How The Biggest Planets Form: Astronomer Has New Idea About Gas Giants
An astronomer has proposed a new model for how the most gigantic planets in the solar system grow into the massive balls of gas we know and love, and the idea could help scientists better understand our universe as a whole.
According to a paper in the Astrophysical Journal, giant gassy planets like Jupiter might form when ice and rock revolving around a young star clumps together, with the extreme heat of a primordial solar system evaporating the ice into gas and forming its atmosphere. As rocky material builds and builds, making the core larger and larger, the atmosphere becomes bigger and bigger as well.
“The formation of gas-giant planets like Jupiter is a central problem in planetary science,” planetary scientist John Chambers explains in his paper. And solving that problem could help scientists better understand more than just gas giants: “Understanding giant-planet formation is essential for understanding the origin and character of planetary systems in general, since gravitational perturbations from giant planets can affect the growth of objects elsewhere in the same system.”
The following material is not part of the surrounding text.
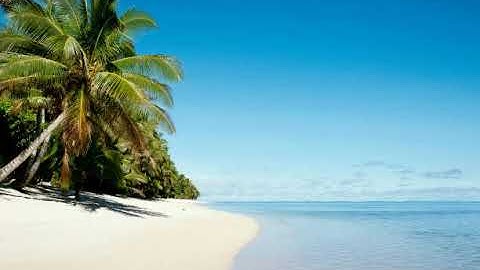 Deep Blue - Coral (2002)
An example is how the gravitational pull of Jupiter and Saturn, our solar system’s two gas giants, helped form the asteroid belt, the region of space rocks orbiting the sun at a distance between Mars and Jupiter and serving as the boundary between the inner and outer solar system.
Chambers’ framework differs from other models like the core accretion model, which dictates that the gas giants start as a solid core that, when it grows to a certain size, pulls in gas from the protoplanetary disk — the dense disk of gas and dust that rotates around a young star and contains the material from which the planets form. Rocky planets form in a similar fashion under this model, accumulating material from the disk, but they grow into a different type of full-fledged planet because they are closer to their stars and more heavily affected by the stellar wind, the charged particles that a star spews out toward its orbiting bodies.
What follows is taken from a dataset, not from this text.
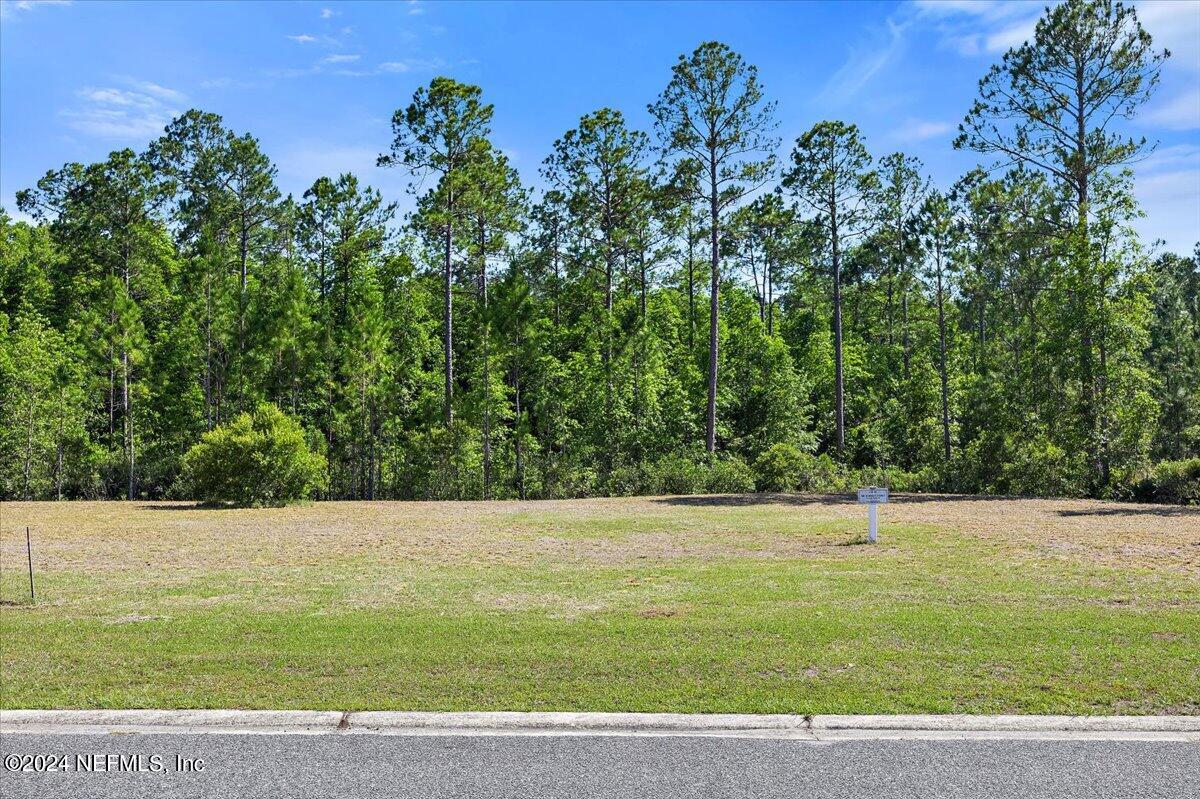 11317 SADDLE CLUB Drive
Although the new concept is distinct from this core accretion model, a report on the research notes that it is not entirely new ground.
“It does conform to another theory that suggests that gas giants must form relatively quickly,” the report says.
According to that concept, because protoplanetary disks are generally found around young stars and gas giants need the huge amounts of hydrogen and helium found within them, these planets have to come together rather fast or they would not have time to gobble up enough of those elements that they need to form.
The new theory might offer some more insight into the interior of a gas giant. As the report points out, there has been some debate over exactly how concentrated Jupiter’s core is.
Just as it is with any planet in our solar system, it is difficult to look inside a gas giant. Various scientific measurements give us clues as to what is at their centers, but there is still much to learn about the planets and how they form and, at least in the case of Earth, how it developed into a place that could support life.
In addition to gaining more information about Jupiter, Saturn and our own solar system as a whole, better understanding gas giants could help astronomers who are studying other solar systems and alien planets. That includes the classification of exoplanets known as “hot Jupiters” — planets that are similar to Jupiter in size but are orbiting their stars much closer in, making their temperatures significantly higher.
It’s possible that there are many gas giants that orbit in outer regions of solar systems as well, but those have proven hard to detect. Exoplanets are generally observed when they pass in front of their stars from the viewpoint of Earth telescopes, known as a transit, a method that favors planets orbiting closer in.